[FOM] Query for Martin Davis. was:truth and consistency
Bill Taylor
W.Taylor at math.canterbury.ac.nz
Sun Jun 1 01:28:19 EDT 2003
This query is addressed to Martin Davis, re the excerpts below, but OC,
anyone else who cares to, please join in.
> If the underlying system is PA (first order number theory), I believe that
> one can claim that the evidence for its consistency is simply overwhelming.
> Even the trivial consistency proof based on the standard model uses far
> less than much well-accepted ordinary mathematics.
Exactly. This is what I've been pointing out for some time in sci.logic.
Essentially that the standard model N is so crystal-clear-cut and plain,
that attempts to "justify" it using arguments based on the theory PA
and its proof-theoretic properties are just trying to justify the simple
by taking the complex on trust.
> For higher order systems like type theory or ZFC, I know no reason for
> believing in their consistency other than the fact that the axioms are
> satisfied by our intuitive Cantorian picture of sets of sets of sets of
Here I agree completely too. If the standard model V is clear to you,
that is sufficient justification that ZF(C) is consistent - we know it
must be, if it has a model. But your comments that follow indicate you
might allow that some reasonable and rational doubt is possible on
this point. Whether I personally have such doubts I'm not sure, (HAH!);
but it seems reasonable to me too, that one might do so.
So now we come to my query. Between the totally compelling N as described
by PA, and the room-to-doubt V as described by ZF, there is a middle case,
and it is this I would like your opinion on, with whatever clarifying
comments seem appropriate. I am talking OC about the subject loosely
referred to as "analysis", whose realm is R, the standard reals.
Which theory best describes this, (minimally, without adding in the excess
baggage of set theory), I'm not sure; but I think I have often seen it
referred to as 2nd-order arithmetic, or 2nd-order PA. Is this correct?
I know there are some 1st-order theories involving reals and (simple)
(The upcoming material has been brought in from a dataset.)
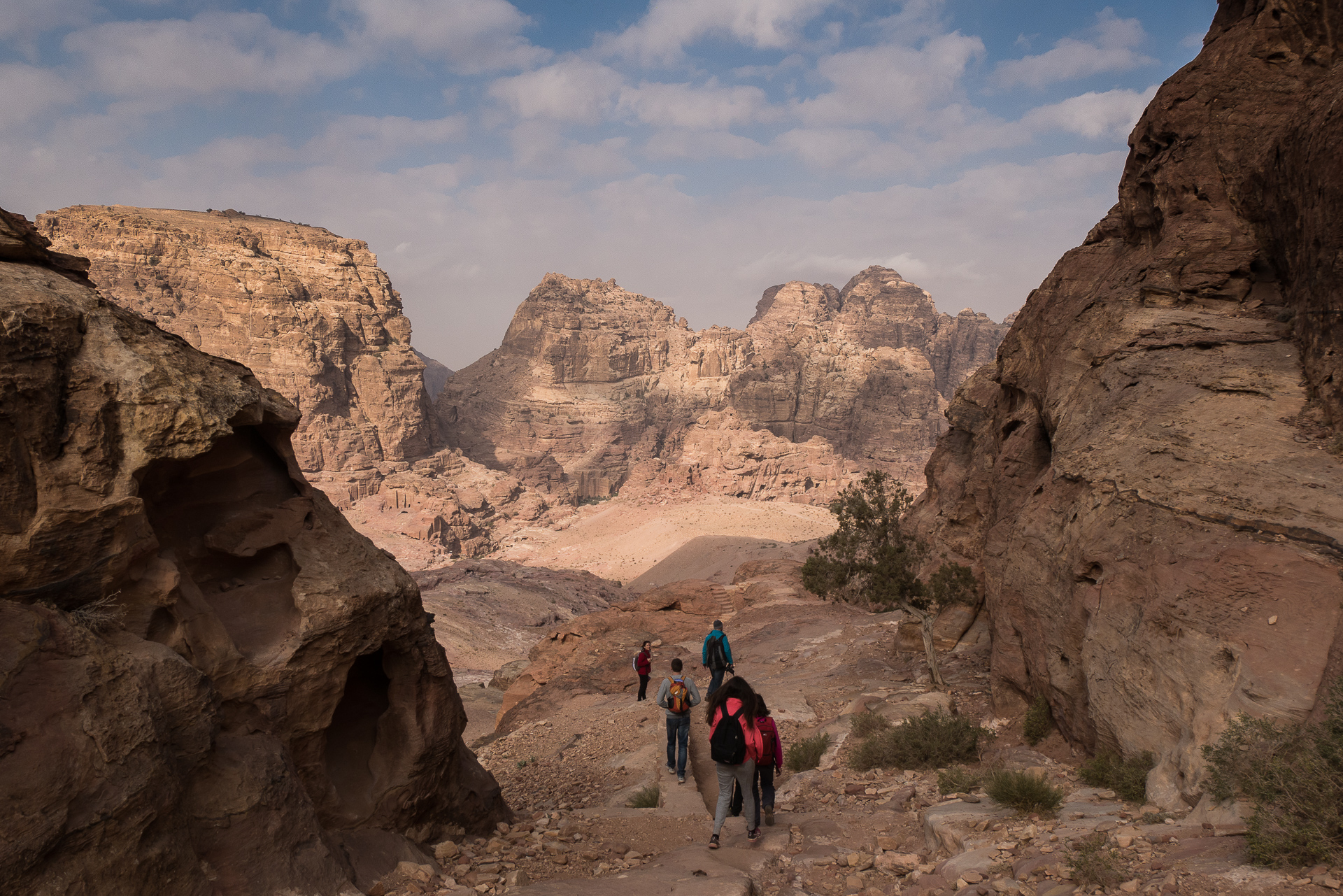 Poursuite dans des paysages de toute beauté - Une semaine en Jordanie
sets of reals as urelements, or at least as 2-sorted variables, but
they don't seem to be very popular.
So is 2nd-order PA a well-defined and/or useful sort of thing?
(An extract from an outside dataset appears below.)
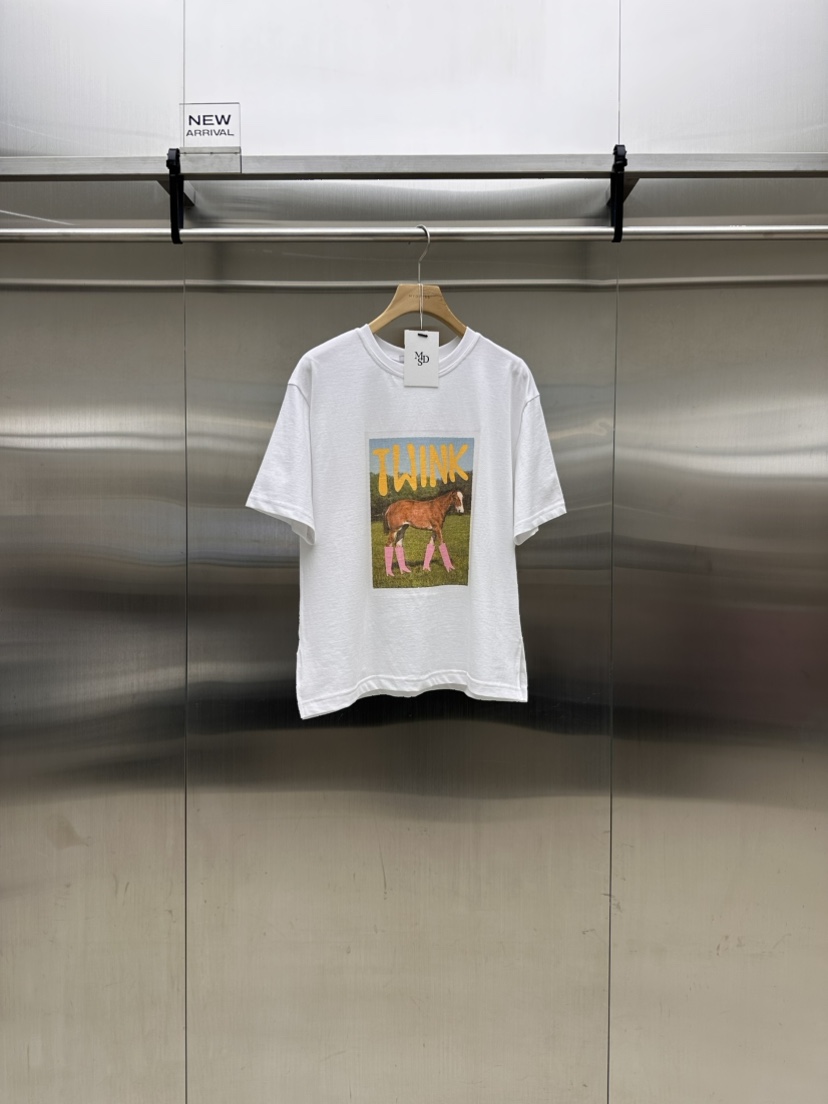 MYDRESS韓國代購女士新品休閑職業人氣推薦26春夏真品T恤MYDRESST恤圖色1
Does it describe standard pre-Cantorian analysis fully and well?
Does it go a lot further? How far?
And finally, what is your opinion of the model, R ?
Does it appear to you to be crystal-clear as is N;
or does it leave room for reasonable doubt, like V ?
I hope I have made sufficient sense to admit of an answer.
If not, please reformulate my queries so that they might do!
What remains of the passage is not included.